What is expected: What is needed is an exact reproduction of the lines from the one that contains "Todd4America 🇺🇸 🇮🇱 tweet media" through the end of the data, both included and nothing else, with pictures omitted.
(Beginning of Material provided)
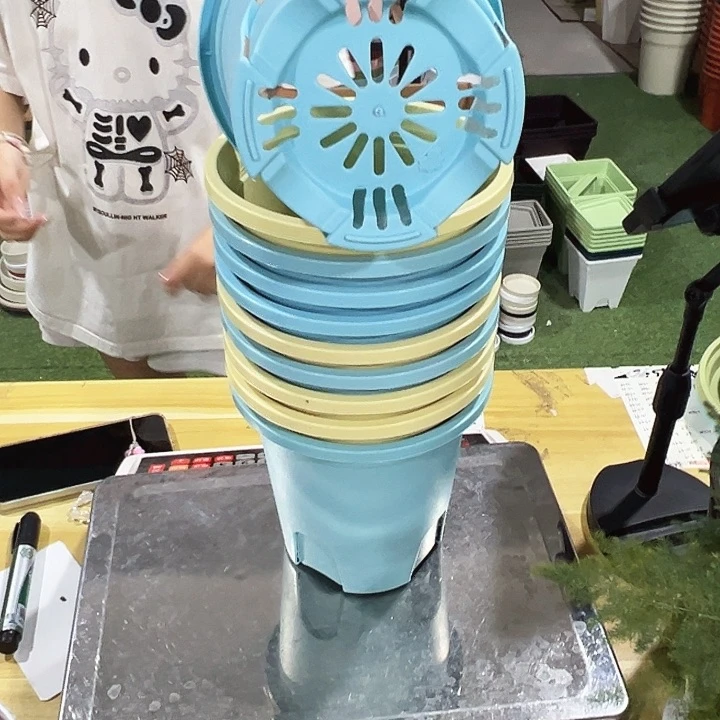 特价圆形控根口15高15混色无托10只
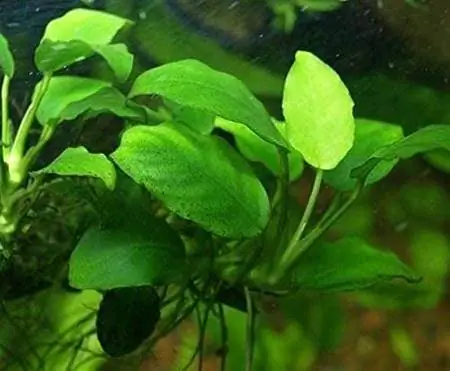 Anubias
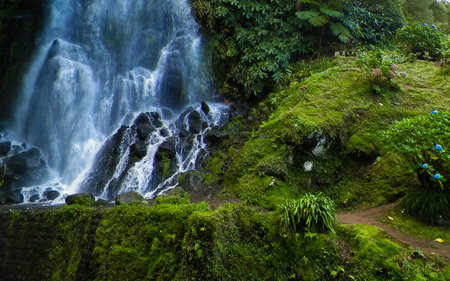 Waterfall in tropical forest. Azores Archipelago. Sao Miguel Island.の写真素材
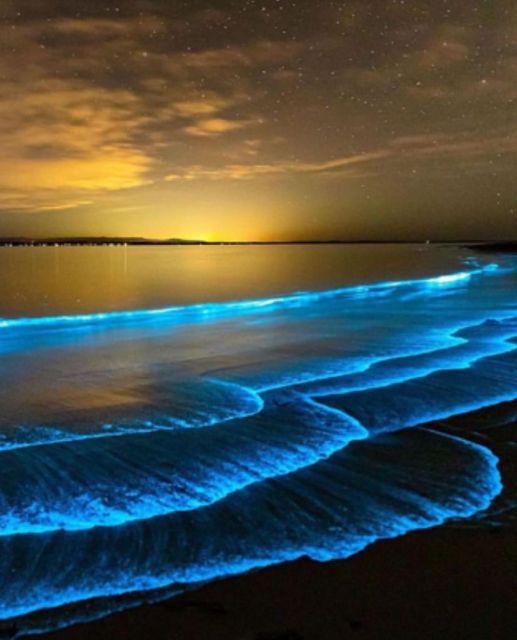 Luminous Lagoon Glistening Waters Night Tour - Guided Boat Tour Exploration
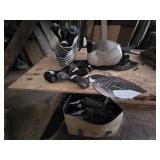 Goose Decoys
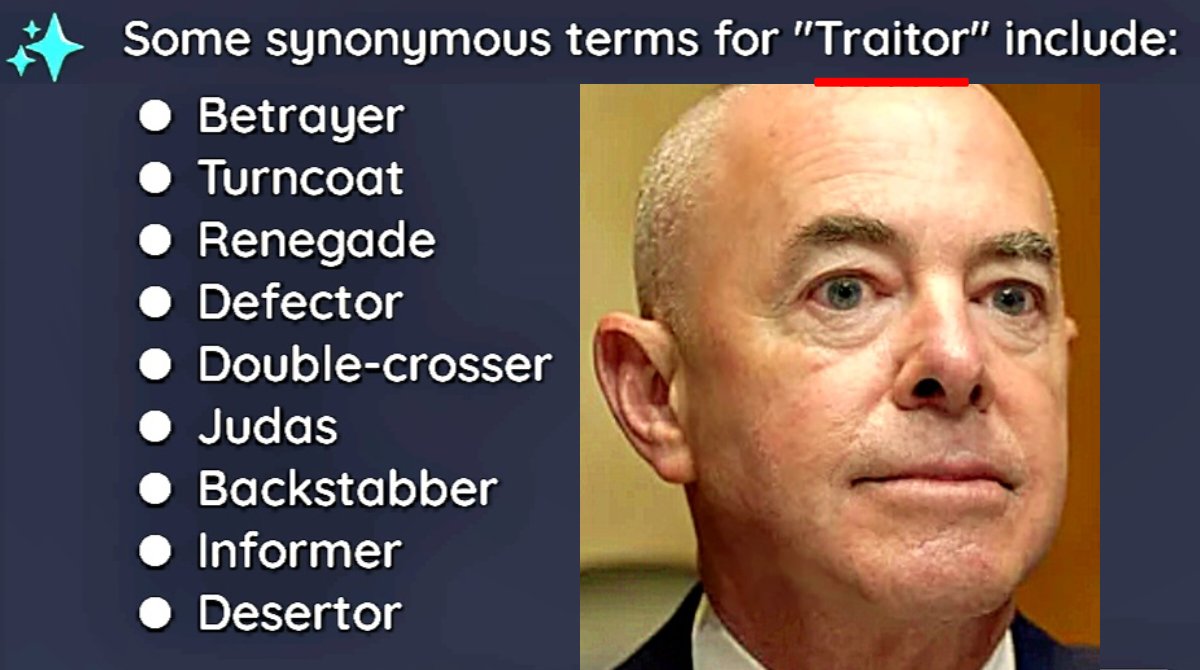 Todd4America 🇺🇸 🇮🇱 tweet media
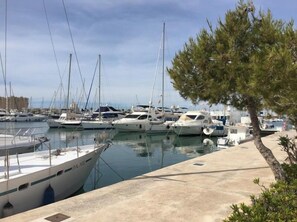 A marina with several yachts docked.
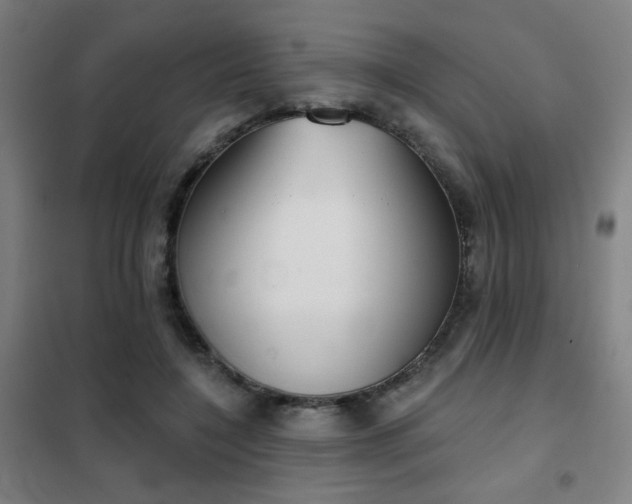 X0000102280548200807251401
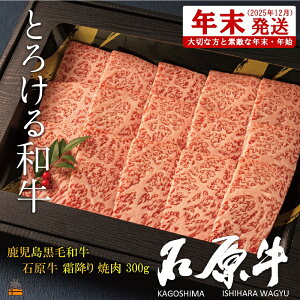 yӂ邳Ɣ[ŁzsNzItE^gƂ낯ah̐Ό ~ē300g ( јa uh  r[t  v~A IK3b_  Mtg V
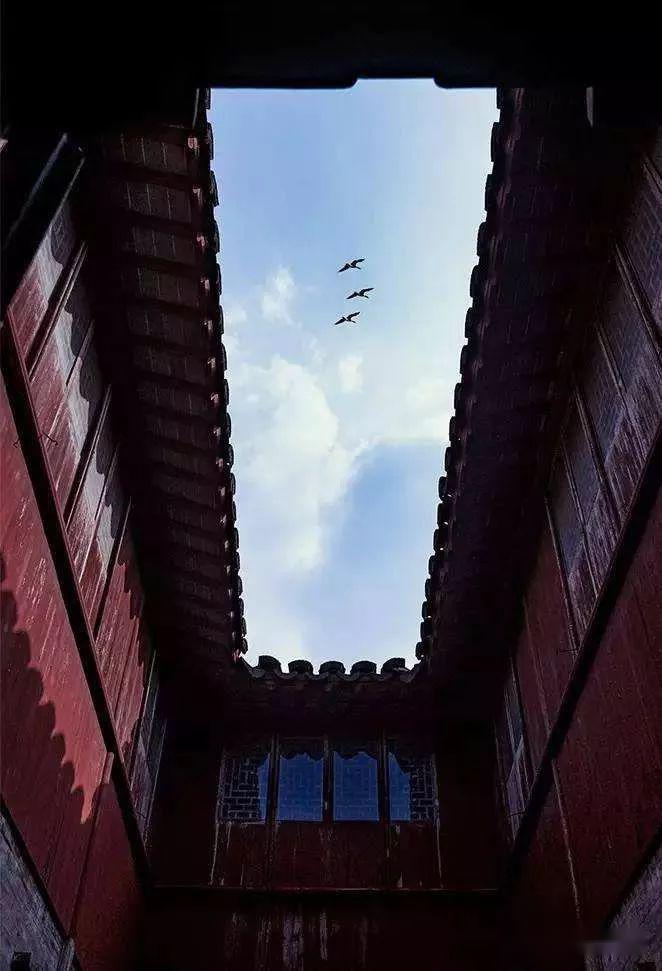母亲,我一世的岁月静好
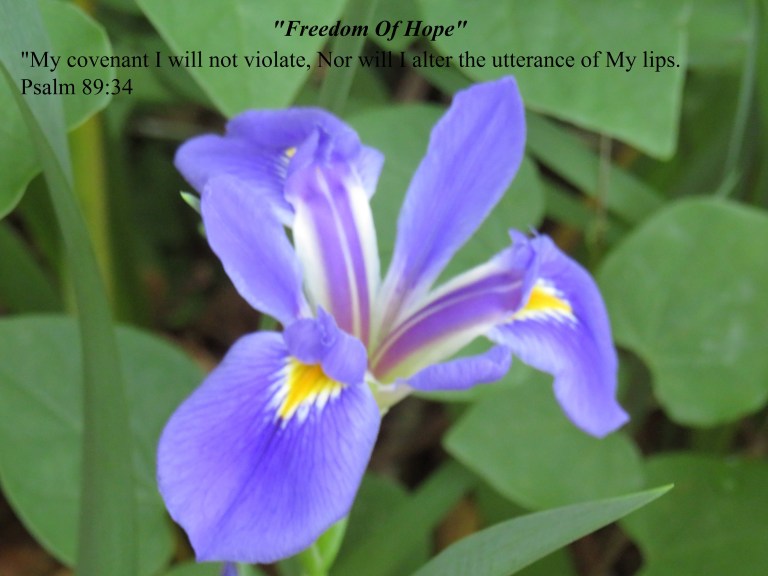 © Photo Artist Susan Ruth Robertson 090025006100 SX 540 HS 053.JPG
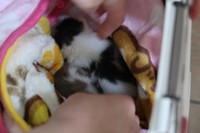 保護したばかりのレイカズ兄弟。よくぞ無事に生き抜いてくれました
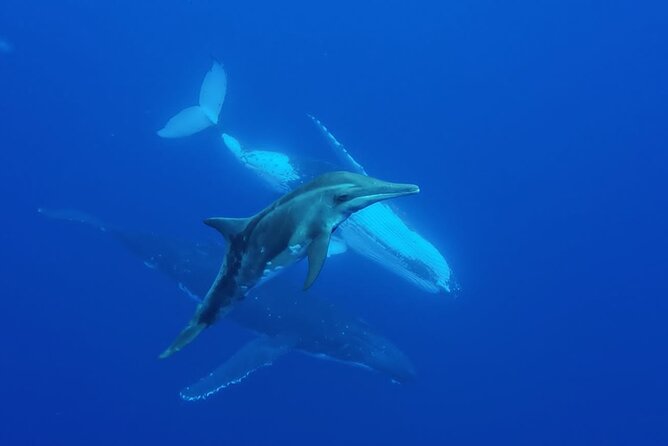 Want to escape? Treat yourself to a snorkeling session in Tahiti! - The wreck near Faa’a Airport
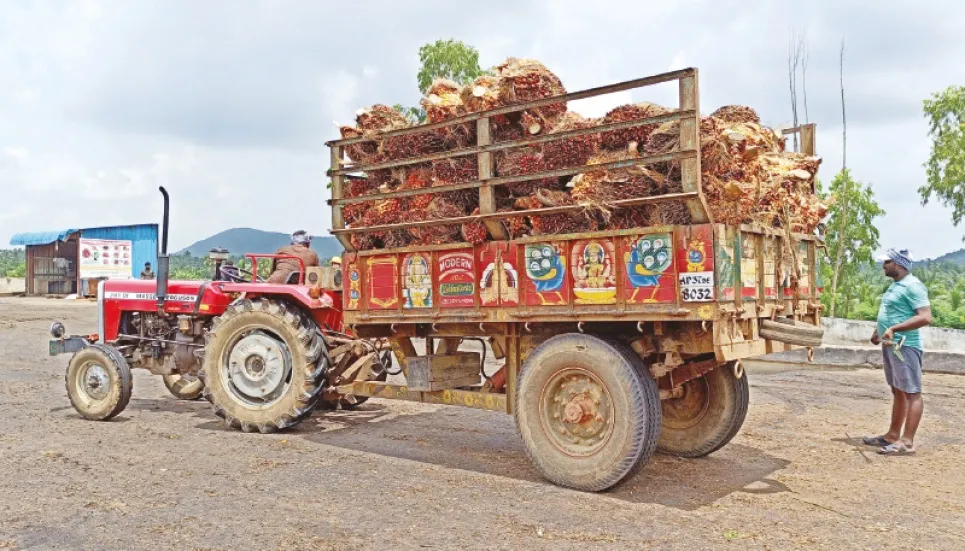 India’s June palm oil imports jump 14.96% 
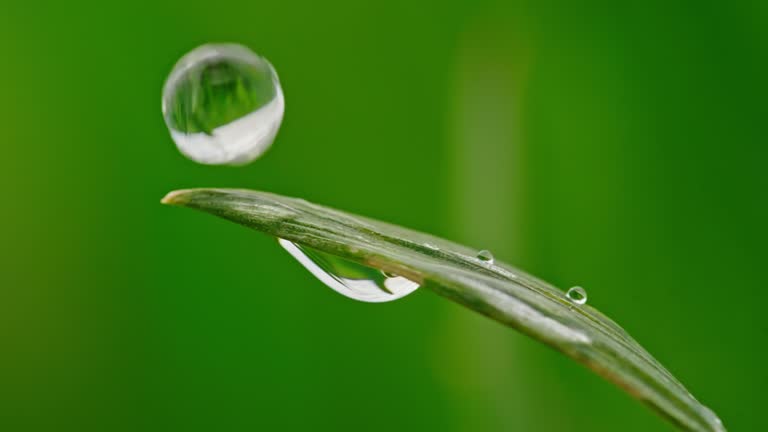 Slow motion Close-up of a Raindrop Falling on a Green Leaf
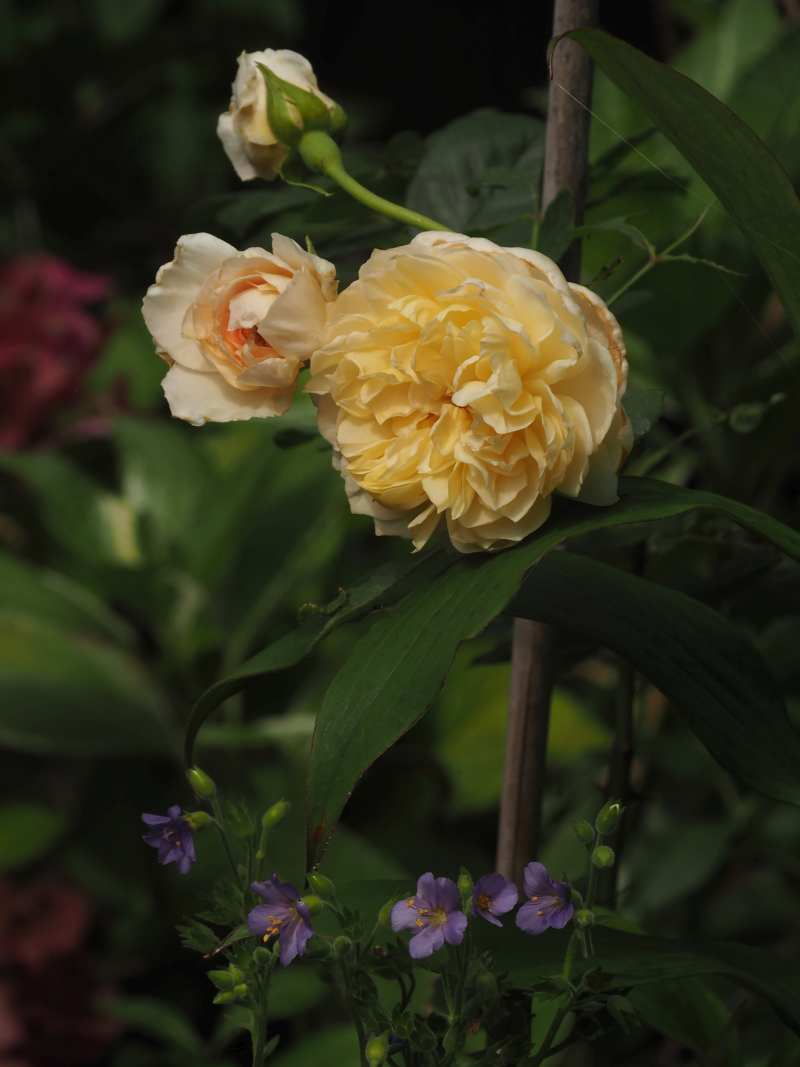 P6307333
(End of Material provided)
Answer to this task:
 Todd4America 🇺🇸 🇮🇱 tweet media
 A marina with several yachts docked.
 X0000102280548200807251401
 yӂ邳Ɣ[ŁzsNzItE^gƂ낯ah̐Ό ~ē300g ( јa uh  r[t  v~A IK3b_  Mtg V
母亲,我一世的岁月静好
 © Photo Artist Susan Ruth Robertson 090025006100 SX 540 HS 053.JPG
 保護したばかりのレイカズ兄弟。よくぞ無事に生き抜いてくれました
 Want to escape? Treat yourself to a snorkeling session in Tahiti! - The wreck near Faa’a Airport
 India’s June palm oil imports jump 14.96% 
 Slow motion Close-up of a Raindrop Falling on a Green Leaf
 P6307333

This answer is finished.